12.31.2009 0

A Fond Farewell to Stuart Smalley

  • On: 01/28/2010 10:26:02
  • In: Hard Left
  • By Carter Clews

    Well, it has finally happened. We all knew was inevitable – but it still comes as a shock. Air America has closed its doors.

    Decades from now, Americans from all walks of life will be asking each other: “Where were you the day the snooze-it died?” The precise time will now be stamped indelibly in the public psyche and enter the pantheon of history’s defining moments – like the day they added almonds to Joy … the night they raided Minsky’s … and the exact second Mookie’s grounder went through that idiot Buckner’s legs.

    Have the gods no mercy? How much can people be expected to take? When, oh when, will it all end? Did Colgate Dental Cream really ever have an “invisible protective shield”?

    To get an answer to these, and other questions about the nature of life, the Ptolemaic theory, and how vacuum pumps actually work, your faithful scribe contacted Hilda May Snopes, Air America’s last living listener, at her padded cell in Austin, Texas’, Good Hope Sanitarium. I share that enlightening interview with you now.

    Me: Good morning, Miss Snopes, I’m sorry to awaken you in the middle of the afternoon.

    HMS: What year is it?

    Me: Still 2010, as near as I can remember. Miss Snopes, according to the Neilson Ratings, you were the last living listener to Air America. Is that true?

    HMS: Is Karl Marx still alive?

    Me: No, ma’am, I believe he passed away some years back.

    HMS: Then I guess it’s true. Thank God for short wave.

    Me: Indeed. So, how do you feel about the announcement that Air America has now gone bankrupt and is completely closing its doors?

    HMS: Where’d you hear that? Rush Limbaugh tell you that? He’s a drug addict, you know – a drug addict who hates Mexicans and went deaf and had to get his ears replaced. Air America did a big special on it. Al Franken hosted it. He’s in the Senate, now, you know. I voted for him. So did the Dallas Cowboys starting line. ACORN got us all absentee ballots.

    Me: I’m sure they did.
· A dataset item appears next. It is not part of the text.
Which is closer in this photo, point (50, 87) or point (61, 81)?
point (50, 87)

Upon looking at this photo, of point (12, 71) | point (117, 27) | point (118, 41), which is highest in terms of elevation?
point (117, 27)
Tell me, what do you think you’re going to miss most about Air America now that it’s off the air?

    HMS: Same thing I missed when it was on the air – quality programming. That’s a joke, sonny. I may be old, but I’m still spry. I’ll miss Sean Hannity.

    Me: I’m sorry, but I don’t believe Sean was actually on Air America.

    HMS: I know. I missed him then, too. Let me think … let me think … don’t rush me now … Did you ever hear the commercial they had on for McDonald’s? The one about “two all beef patties, special sauce, lettuce, cheese, pickles, onions on a sesame seed bun?”

    Me: Not recently. Who was your favorite Air America host of all time?

    HMS: Fulton Lewis, Jr.

    Me: With all due respect Miss Snopes, Fulton Lewis, Jr. has been dead for quite some time.

    HMS: So has Air America.

    Me: One last question, if I may. How does it feel to have been Air America’s last living listener now that they are gone?

    HMS: Well, actually, not much different than when they were still around. You know, there were only three of us from the beginning. Then, I guess when Marx died and Mao moved to Tahoe, or whatever, those folks just kind of lost the will to live. I’m gonna miss them, though, I’ll tell you that. Did you ever hear the commercial they used to run for Minsky’s?

    So, there you have it. Another great American institution fallen by the wayside. The Reggie Bar … the Edsel … two all beef patties, special sauce, lettuce, cheese, pickles, onions on a sesame seed bun … that idiot Buckner – they all have their day in the sun and then are heard no more.

    And now, Air America – the network that made Sominex superfluous and took the listen out of talk – has gone the way of the Dodo Bird. As Hilda Mae Snopes shouted to me from afar as I fled the sanatorium, “Tell Al Franken I liked him a lot better as Stuart Smalley.”

    Carter Clews is the Executive Editor of ALG News.